I got this off www.google.com maybe it will help you learn to appropriately use analogies. 

Maybe you should check out metaphors as well. Then we can move on to similies (like or as).

You are in luck, there is a link on the analogy page to the scooby doo mystery club.


----------



## TREETX (May 20, 2003)

Heaven forbid if you were to lower something with the tail of your life line through a natural crotch.

I only natural crotch rig with some old blue streak I have. My good lowering lines never see a natural crotch.

Same can be said for life lines. I have life lines that I will use in natural crotches anytime and others that I will only use in my RG. 

I almost always have at least 2 lines in any tree even for pruning. Entry line and life/working line.

For light rigging I usually prefer a loop runner and a krab just so I can choose where the lowering is happening instead of relying on a NC.

LMAO


----------



## Joe (May 20, 2003)

There's nothing wrong with natural crotch rigging. It has it's place and shouldn't be a discarded technique. 

Joe


----------



## rahtreelimbs (May 20, 2003)

> _Originally posted by Joe _
> *There's nothing wrong with natural crotch rigging. It has it's place and shouldn't be a discarded technique.
> 
> Joe *




Especially on removals. If this is easier for you, do it. Pruning is a different matter.


----------



## Kneejerk Bombas (May 20, 2003)

Boy, all I did was mention that I don't often N/C rig and I get reamed out, and insulted because I'm not an english major.
Did I hit a cord here? 
You want great writing, you won't find find it here, not from me, nor 95% of the posters here, incuding you Tex. I don't think that's what this site is about anyway.
As far as me being right, hardly, but I can give an opinion. Brian, you are the most subborn induvidual whose writiing I have ever read. Talk about a closed mind! If I have an opinion that doesn't mach yours, then I'm an idiot.


----------



## John Paul Sanborn (May 20, 2003)

Light rigging with a retired climbing line, sometimes the tail of my current climbing line. Too bad Ox is boycotting the site, he does it too, and would love being lumped in with the hacks.

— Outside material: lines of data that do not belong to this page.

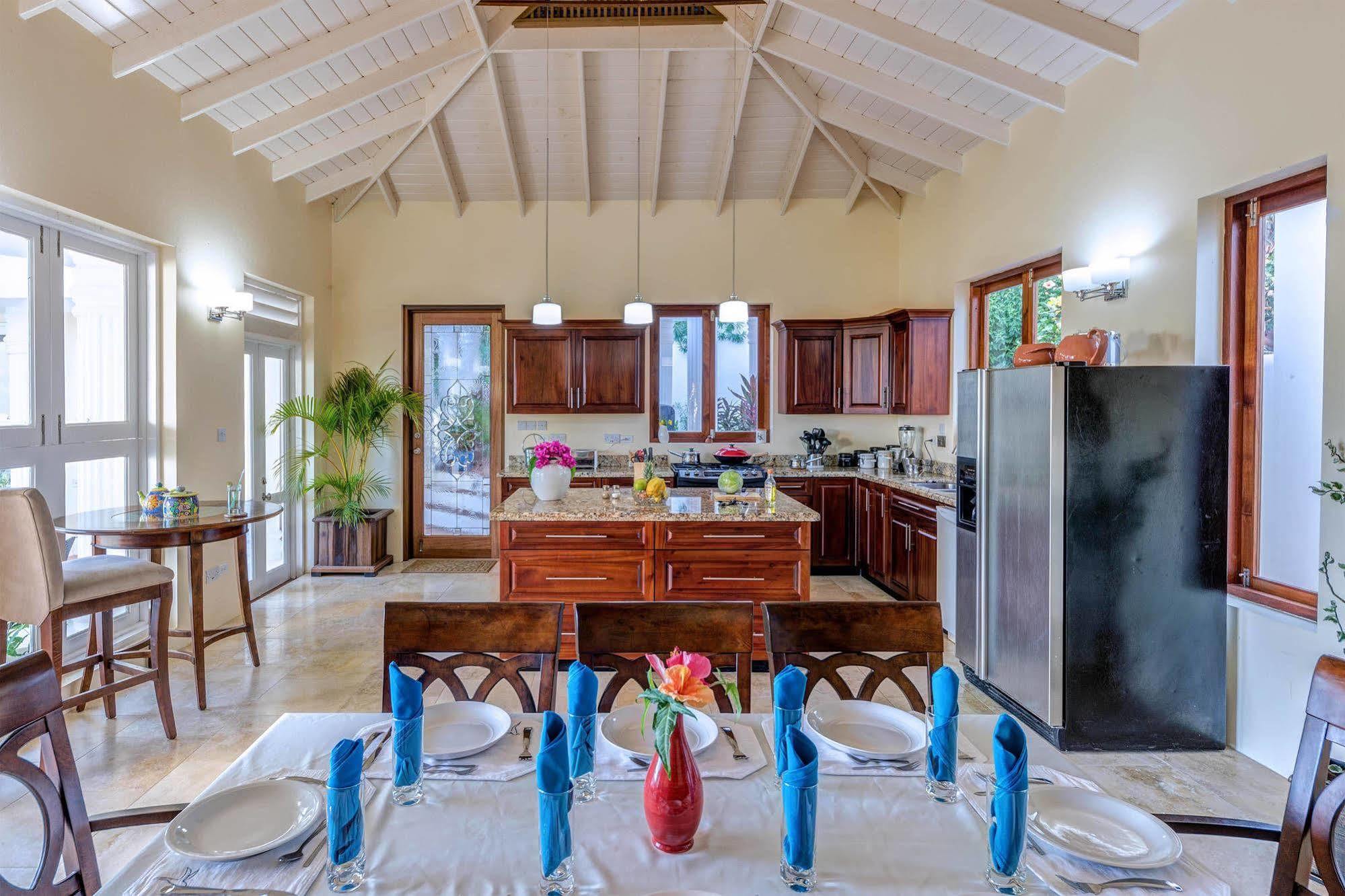 Sadewa Villa Port Elizabeth المظهر الخارجي الصورة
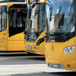 ul-bussar.jpg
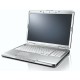 DELL Inspiron 1721 Laptop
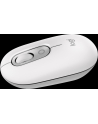 LOGITECH POP MOUSE - OFF-WHITE - MYSZ BEZPRZEWODOWA - nr 5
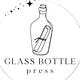 Glass Bottle Stories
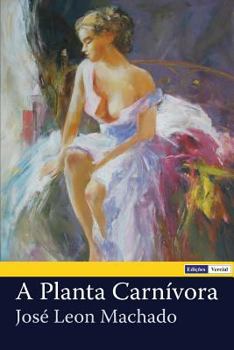 A Planta Carn?vora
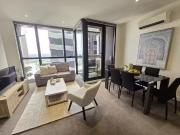 2603/120 Abeckett Street, Melbourne, VIC 3000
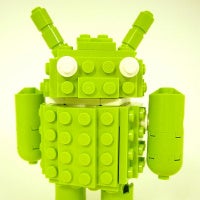 Prove your love for Android with these 5 awesome accessories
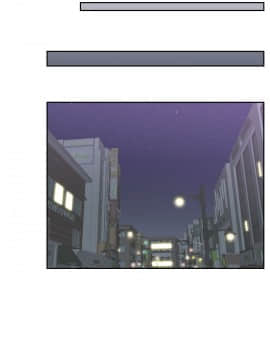 熟女的滋味 1-25話[完結]_02-05_0064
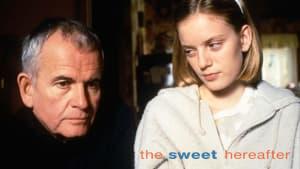 The Sweet Hereafter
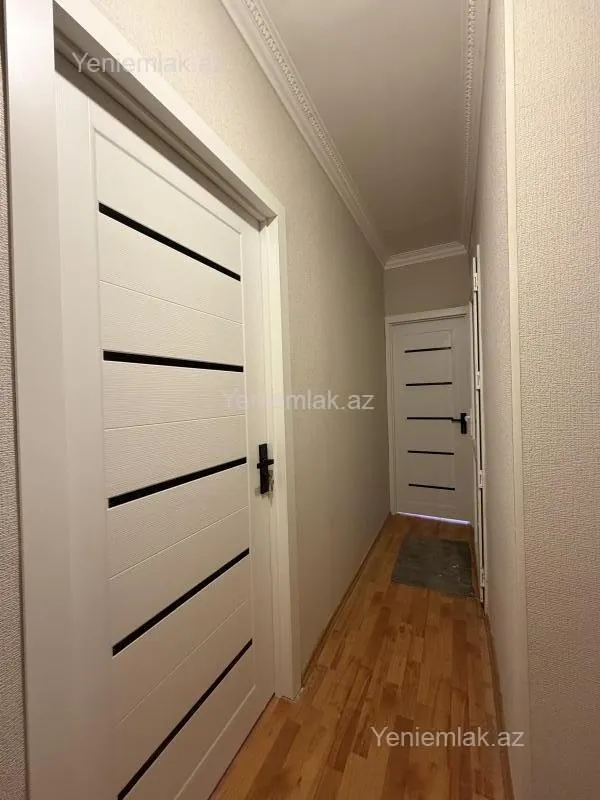 Satılır 1 otaqlı köhnə tikili 40 m²
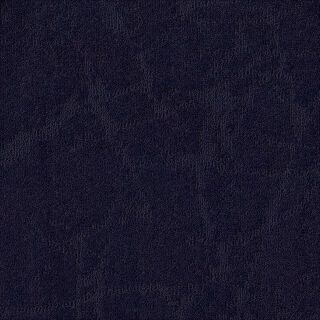 Tarkett Holding - Desso Flagstone AC22 8902 T1 400 (GTIN: 8717848971967, HAN: 711967009)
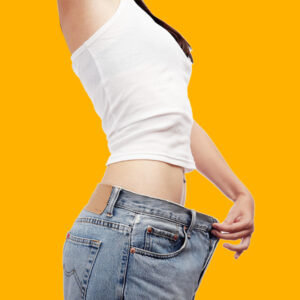 Detox slimming featured
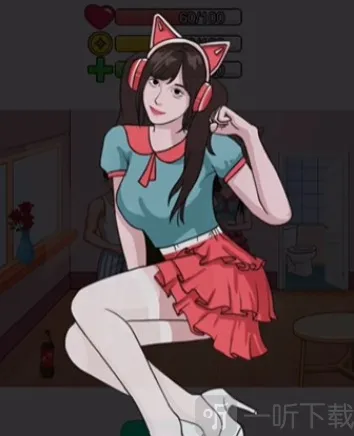 汉字找茬王汉字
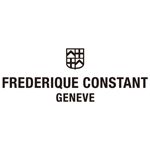 Frederique Constant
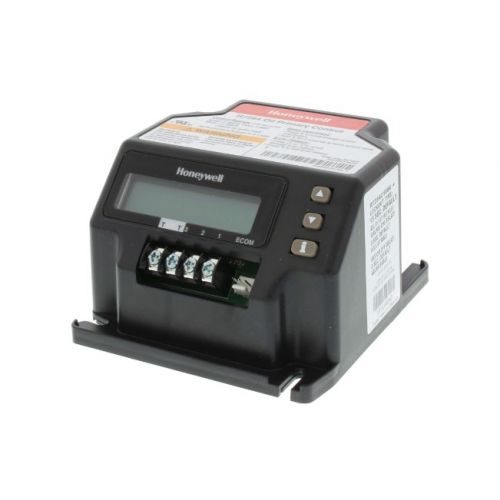 Universal Digital Oil Primary For Resideo -Part# R7284U1004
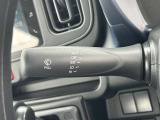 納車前に当社のサービスマンが点検整備を実施致します♪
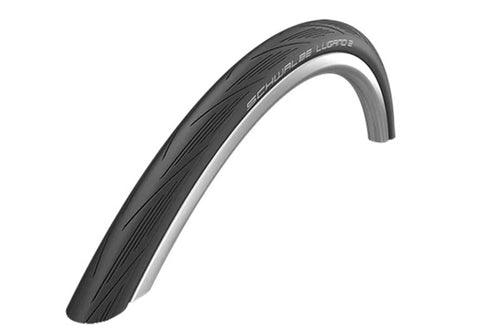 Schwalbe Lugano II 700X32 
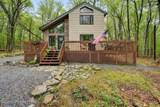 11 Fawn Court - Photo 1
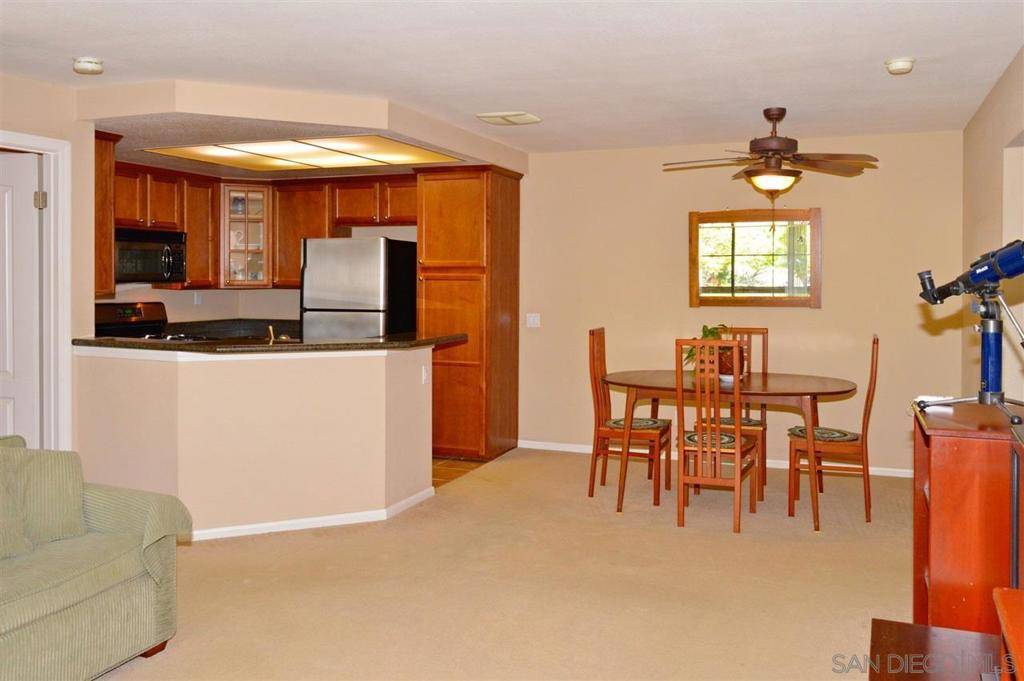San Diego, CA 92130,12655 Camino Mira Del Mar #228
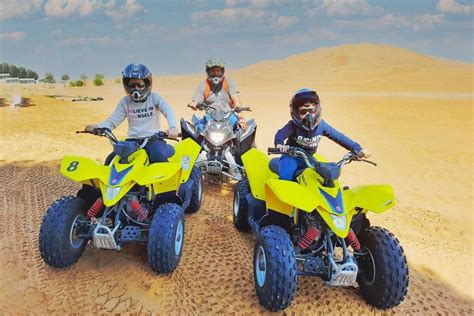 Cheers to an Action-Packed & Adventurous Weekend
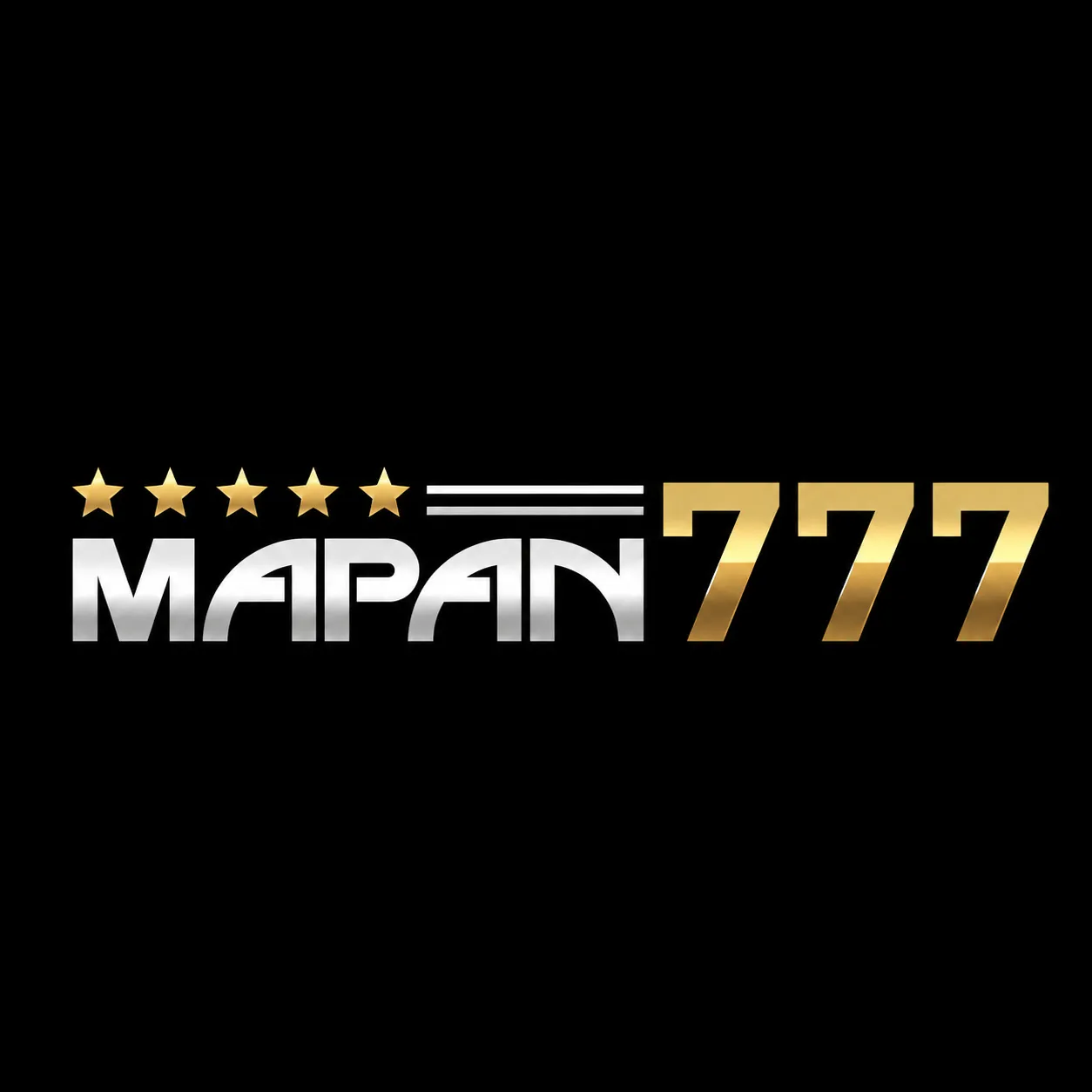 MAPNA777 - Petualangan Anime Seru yang Tak Terlupakan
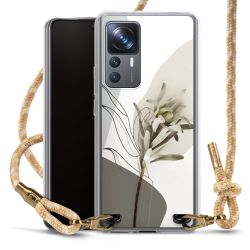 Carry Case Fabric sahara sand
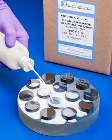 Meller Offers Microlux Alumina Powders in Two Grades and Seven Particle Sizes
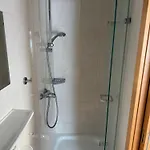 Apartmenthaus Ferdinand Ξενοδοχείο με διαμερίσματα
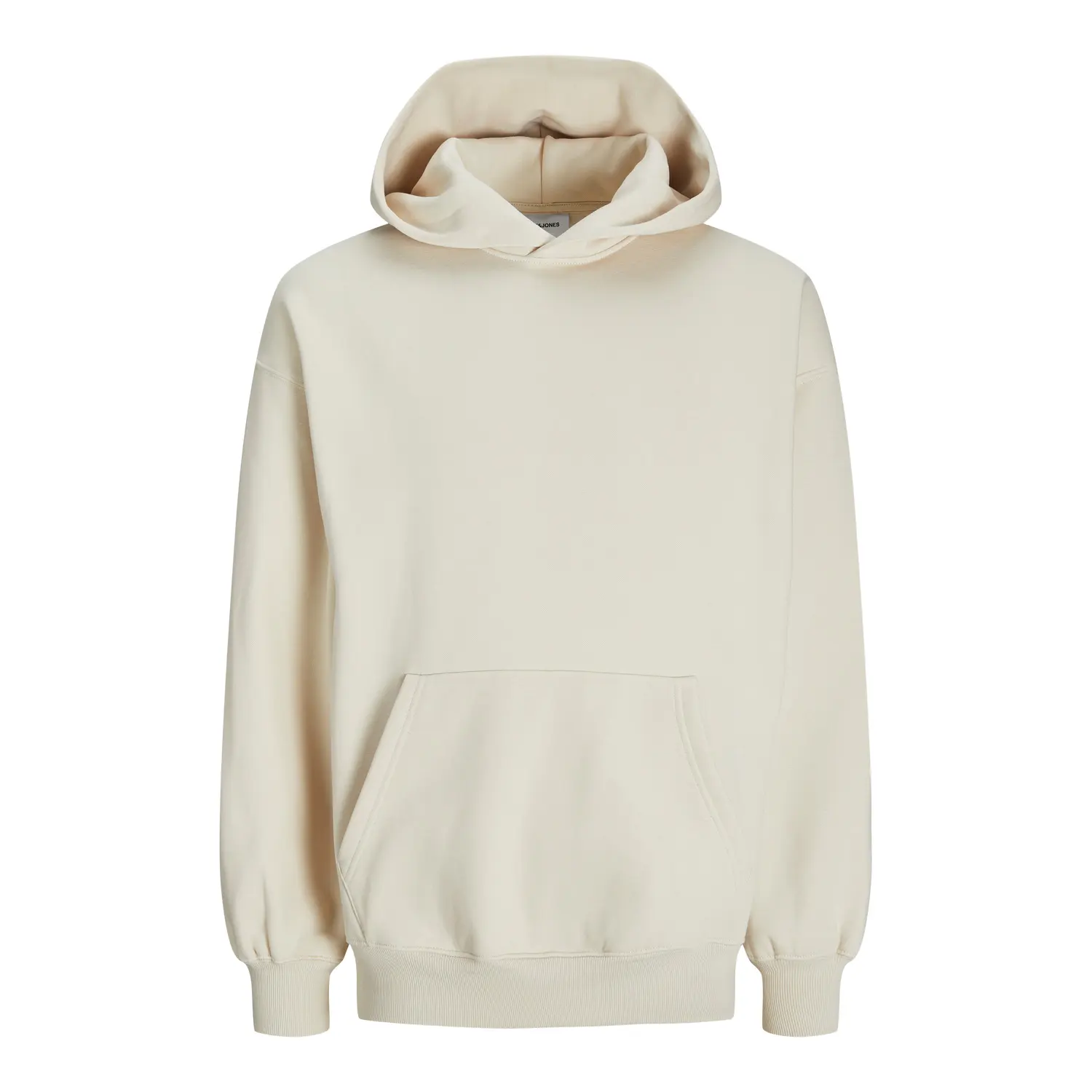 Hoodie Jack & Jones Urban Edge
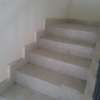 5 Bed House with En Suite in Ongata Rongai thumb 0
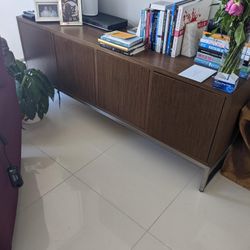 Media Cabinet,  Side Table,  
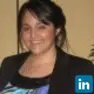 Talia Jackson, PMP, CSM’s Avatar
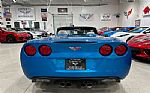 2008 Corvette Thumbnail 25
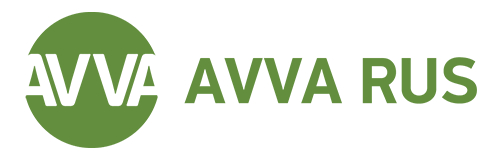 JSC "AVVA RUS"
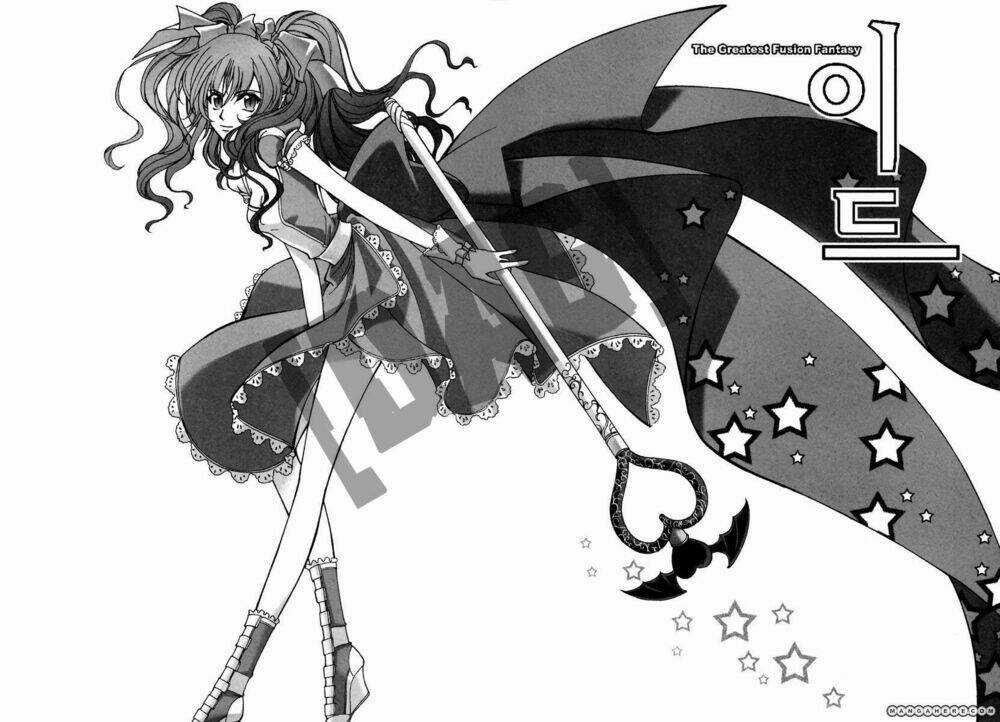 Id Chapter 146 trang 2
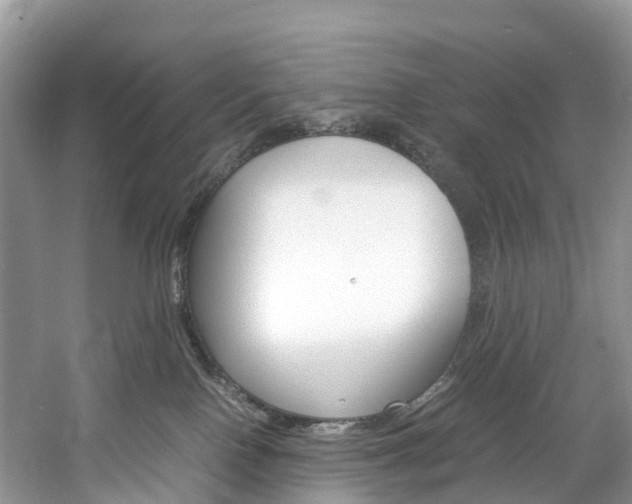X0000061720090200512021054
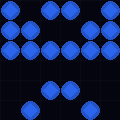 131.100.232.1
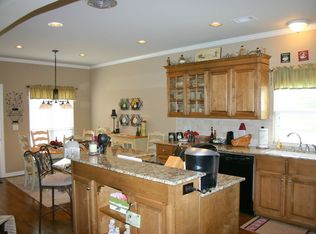 8710 E 110th Ct, Tulsa, OK 74133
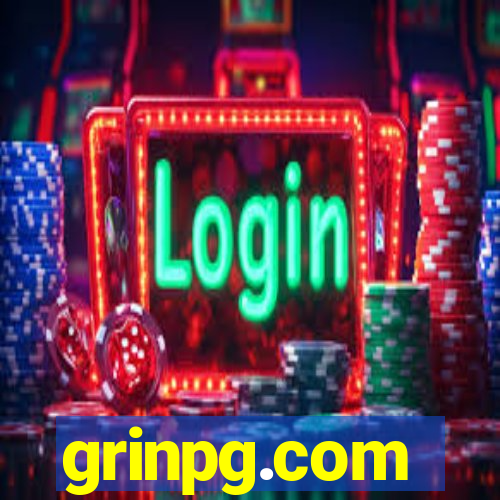 grinpg.com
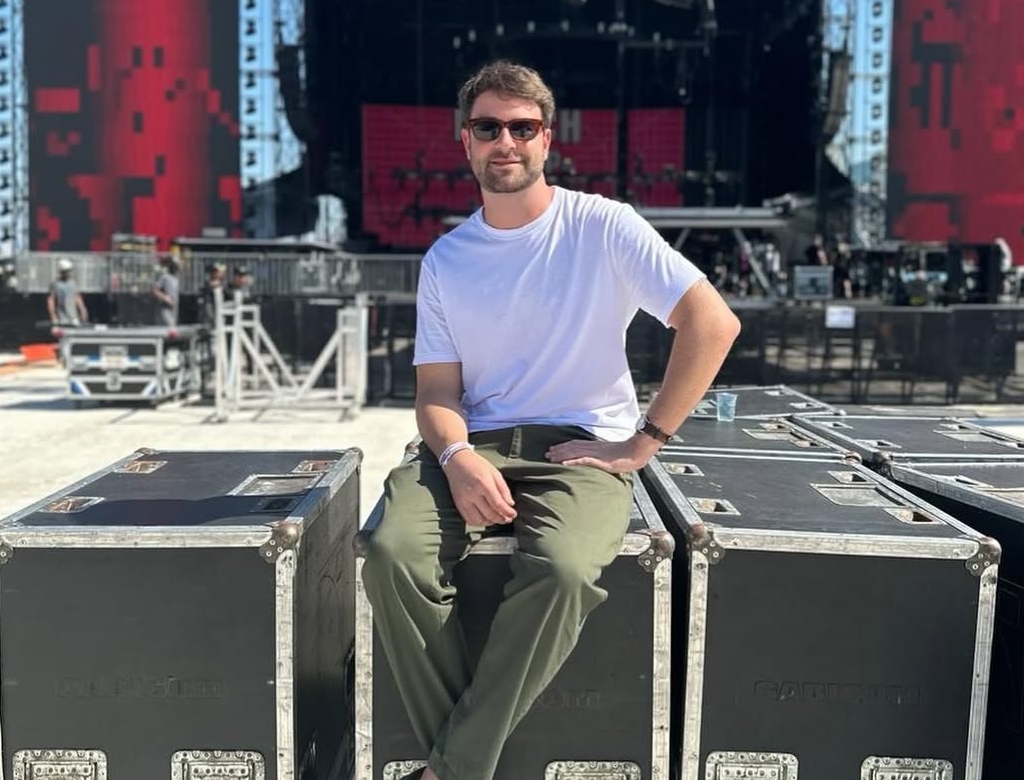 Luiz Guilherme Niemeyer (foto Reprodução Redes Sociais) 4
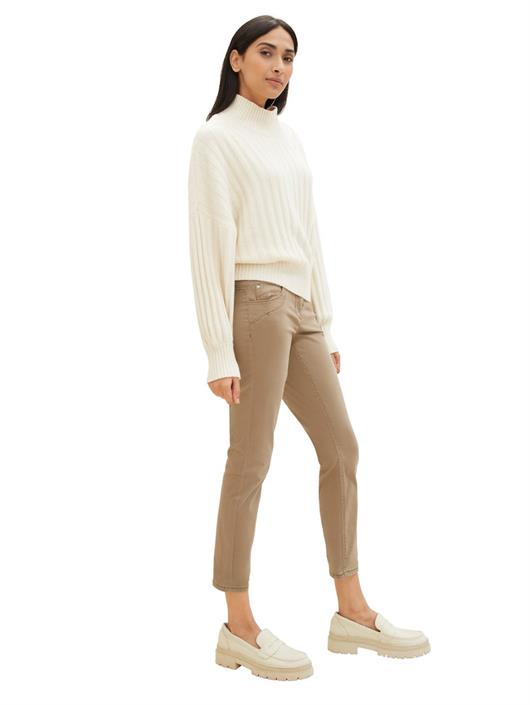 tapered-relaxed-hose-dark-sepia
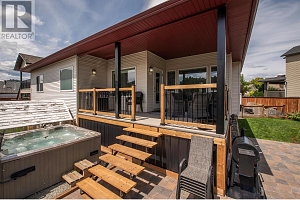 575 Galbraith Court - Photo 28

I natural crotch if that crotch is conveniant, If a pully will give a better abngle or I want to rig with low friction I will set a carbiner of pulley.

Yes Ken, when rigging a removal I will set a primary block and several other pullies. Some I will move around with me so that I can get an optimal line of force or proper swing. Maybe I should say so I can get the load to do what I want it to do better. Remember, I want as little friction outside of the bollard as possible. When winching that friction gets in the way fast. I will also set carabiners an clevises in palces to get the rigging line to fair throught the tree properly. Minimal rubbing please.

My primary rigging rope is 1/2 inch double braid. I may be getting some of the new hard weave DBrais that NER is coming out with. I understand that the flattening on the drum is what causes most of the melting in ehavy rigs.


----------



## Tim Gardner (May 20, 2003)

I do not think anyone on this site is an idiot. I have learned at least one thing from all the regulars here. Thanks guys. 

Mike I was not jumping on you or Tom. If it sounded that way I apologize. I value both of you guys opinions.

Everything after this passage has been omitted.